3 YEARS LATER! Promensil helped reduce my hot flushes but had no effect whatsover on my insomnia or reduced the effects of sleep deprivation.

My doctor has said "Sleep is a personal management issue" thereby not acknowledging without it, it can become a medical issue.

For years I have been unable to sleep at all at night. If I got any sleep it was only in the daytime at various changeable times and for various lengths of time. Erratic and changeable are the two key words here.

The last few weeks however, strangely suddenly I have started to get some sleep at night! Not every night, but when I do it is about 3, maybe 4 hours sleep. The effect of this has been that although I still suffer the severe effects of ME, overall I feel slightly better in myself. I still feel very unwell all the time, but since I have been able to get this sleep at night as opposed to the day I don't feel as wretched as before and feel and look brighter than before.

From this I deduce that sleeping at night as supposed to getting sleep in the day in my case has made a difference. It is ironic that just getting maybe 3 hours sleep at night benefits me more than going camatose and sleeping 16 hours in the day.

Having said all this I still get sleepless nights. The other week after a sleepless night I ended up the following night going to bed in the early evening and waking up 24 hours later. How weird is that!

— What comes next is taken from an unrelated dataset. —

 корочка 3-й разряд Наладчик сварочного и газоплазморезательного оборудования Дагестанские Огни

After many years of sleep deprivation, the severe ME symptoms and post menopausal symptoms it has left me in a permanent state of mental weariness. I struggle to understand new information, get muddled and confused easily. Lack of sleep always affects my balance. I often cannot leave my home because I feel so unsteady on my feet and wobbly after a sleepless night. I do wish my doctor would acknowledge that this is a medical problem. I understand there is no cure or treatment for this, but at least acknowledging that it is not my fault and that at the present time an untreatable would help and perhaps help people not feel guilty and feel it is their fault that they are suffering.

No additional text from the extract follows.